Shanghai Haoyuan Chemexpress Co., Ltd. (688131.SS): Intro
History- Founded in 2006, Shanghai Haoyuan Chemexpress Co., Ltd. began as a small-molecule drug discovery and development service provider focused on medicinal chemistry and process R&D.
- 2010: Established a kilogram-scale GMP plant and an expanded R&D center to bridge discovery and commercial-scale supply.
- 2015: Built specialized platforms for highly potent active pharmaceutical ingredients (HPAPIs), vitamin D derivatives, and generic API development and manufacturing.
- 2018: Reached a service footprint of over 4,000 global partners, including pharmaceutical companies and research institutes.
- 2020: Launched business centers in Hong Kong and the United States to accelerate international business development and partnerships.
- As of December 2025: Headquartered in Shanghai with approximately 3,576 employees.
- Listed on the Shanghai Stock Exchange (ticker: 688131.SS); ownership split typically includes institutional investors, strategic shareholders, management holdings, and public float (specific percentages vary with filings and market activity).
- Operates through integrated units: R&D services, kilogram/GMP manufacturing, HPAPI and vitamin D derivative platforms, and international business centers.
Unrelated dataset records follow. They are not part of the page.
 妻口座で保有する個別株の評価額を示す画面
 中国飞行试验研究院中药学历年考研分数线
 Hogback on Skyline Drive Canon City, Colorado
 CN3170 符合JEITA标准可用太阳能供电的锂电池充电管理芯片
- Mission: To accelerate small-molecule drug discovery and supply by providing integrated R&D and GMP manufacturing solutions, with emphasis on high-safety, high-potency chemistries.
- Strategic priorities: expand HPAPI & specialty API capacity, deepen long-term partnerships with pharmaceutical companies, and grow international revenue via local business centers.
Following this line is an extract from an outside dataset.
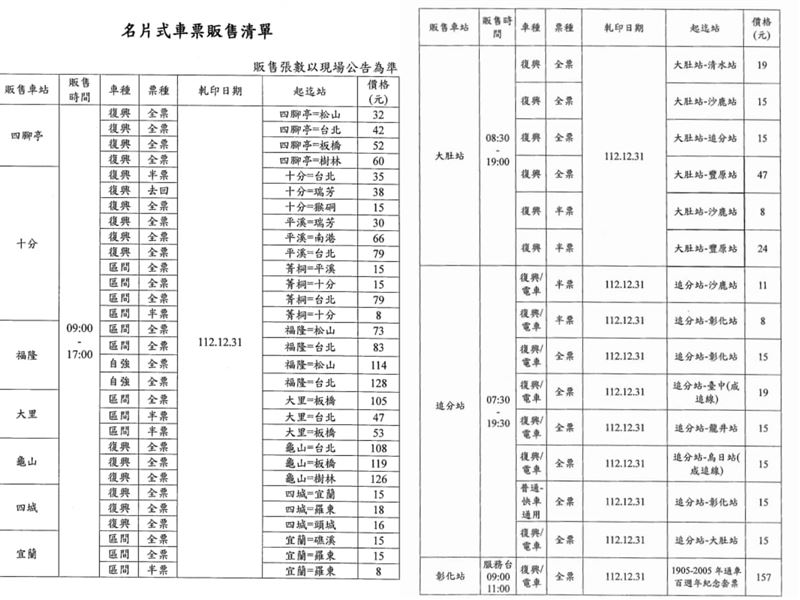 台鐵「絕版名片式車票」將販售時間及地點。   圖：台灣鐵路管理局／提供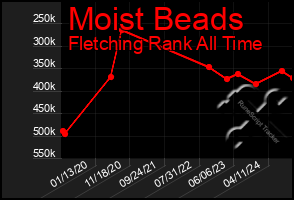 Total Graph of Moist Beads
- Discovery and process R&D: medicinal chemistry, route scouting, process optimization to enable scalable manufacture.
- GMP kilogram-scale manufacturing: support from preclinical to early commercial supply with containment and specialized equipment for HPAPIs.
- Specialty platforms: dedicated production lines and expertise for HPAPIs, vitamin D derivatives, and generics API production.
- Quality and regulatory: GMP-compliant facilities, analytical development, stability testing, and regulatory dossiers to support client submissions.
- Global business development: client management and technical support via Hong Kong and U.S. centers to facilitate cross-border projects and regulatory interactions.
- Fee-for-service R&D contracts (discovery chemistry, process development, analytical services).
- Contract manufacturing (kg-scale GMP supply) for clinical and early-commercial APIs, including premium pricing for HPAPI capabilities.
- Long-term supply agreements for generic APIs and specialty derivatives (e.g., vitamin D analogs).
- Technology transfer and scale-up service fees; milestone and success-based payments for development programs.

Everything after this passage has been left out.